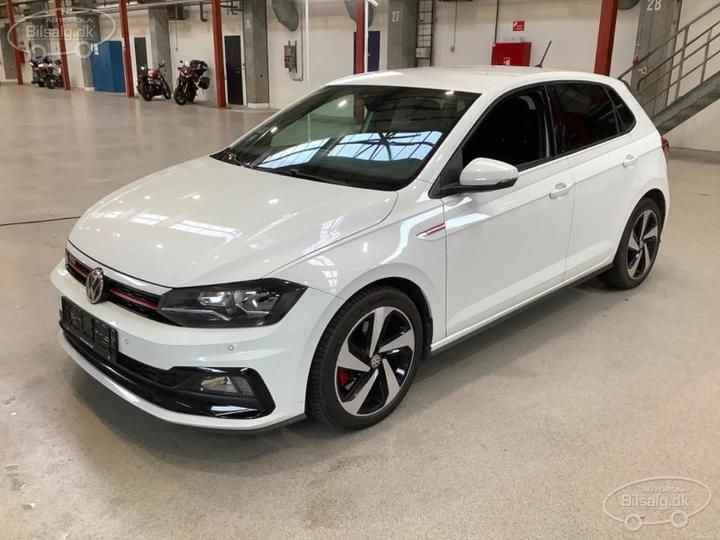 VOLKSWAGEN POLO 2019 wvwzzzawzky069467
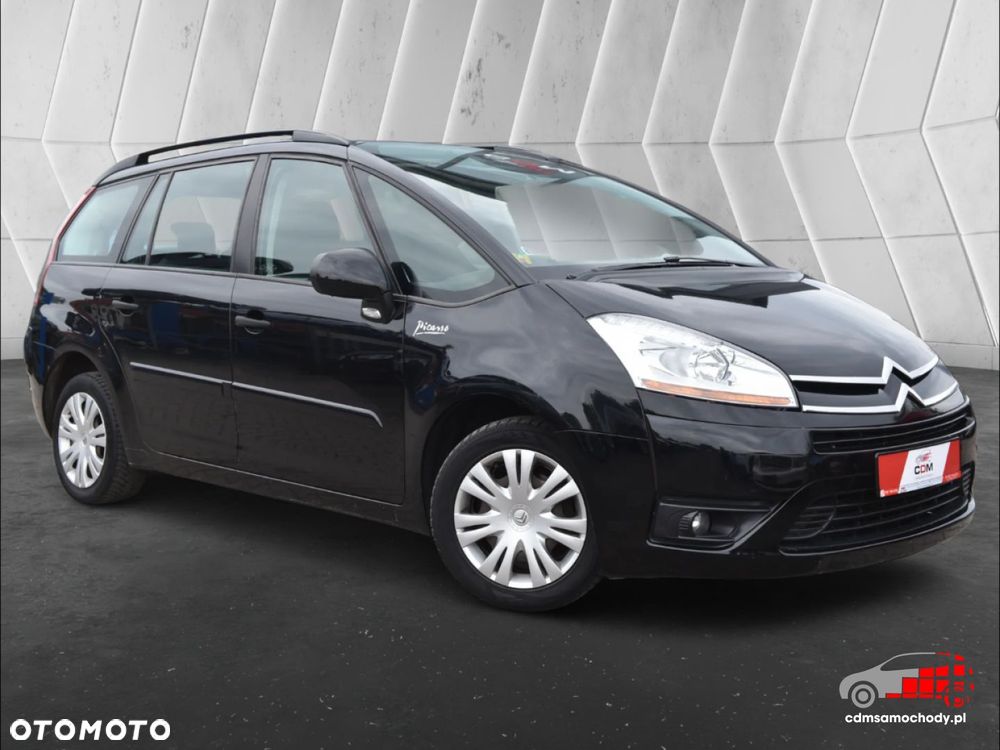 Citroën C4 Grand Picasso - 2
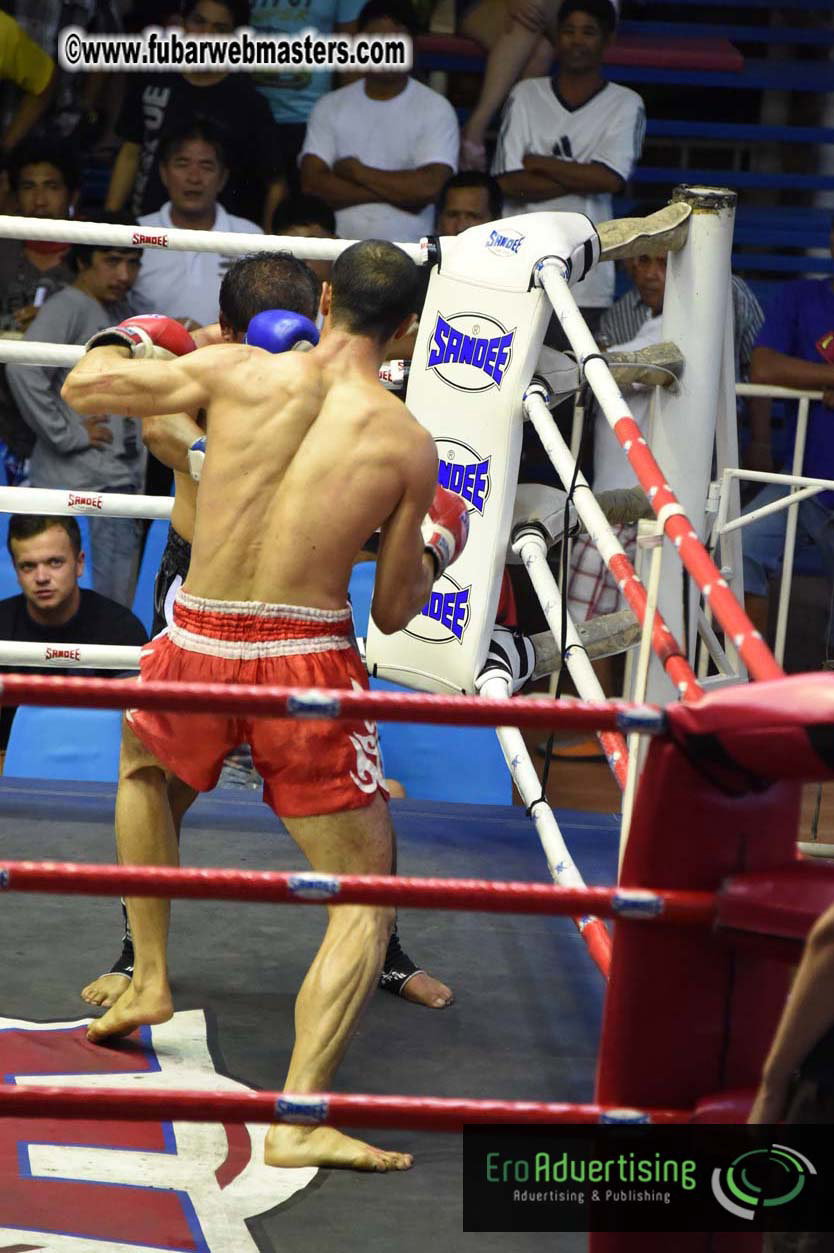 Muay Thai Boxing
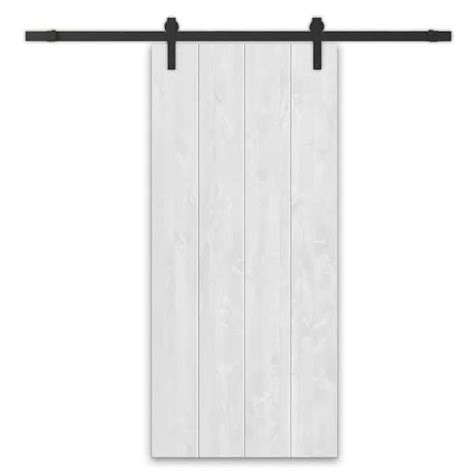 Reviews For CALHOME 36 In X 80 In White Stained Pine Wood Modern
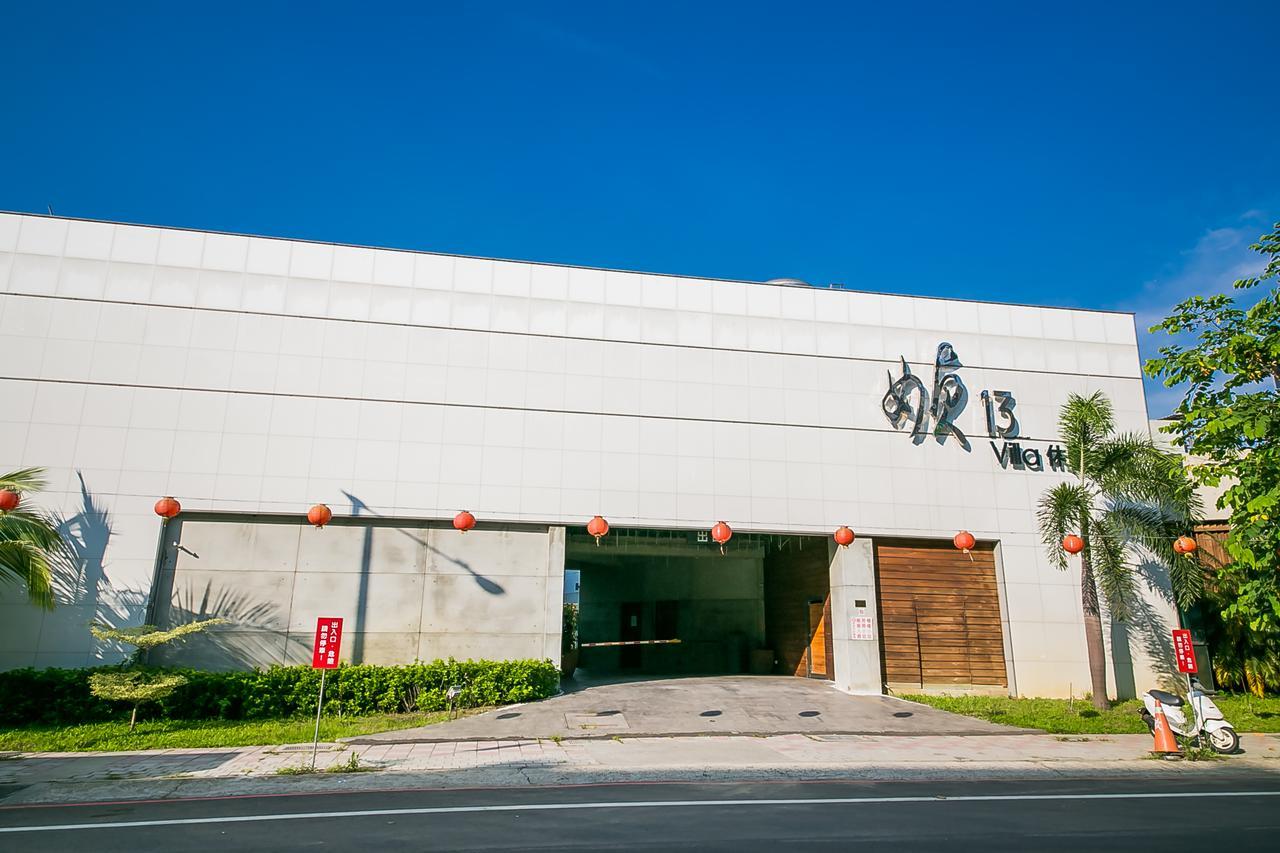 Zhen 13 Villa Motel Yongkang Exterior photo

+---+

(Task instructions) When you repeat the material, keep every word exact and drop the pictures.

(Reply)
 VOLKSWAGEN POLO 2019 wvwzzzawzky069467
 Citroën C4 Grand Picasso - 2
 Muay Thai Boxing
 Reviews For CALHOME 36 In X 80 In White Stained Pine Wood Modern
 Zhen 13 Villa Motel Yongkang Exterior photo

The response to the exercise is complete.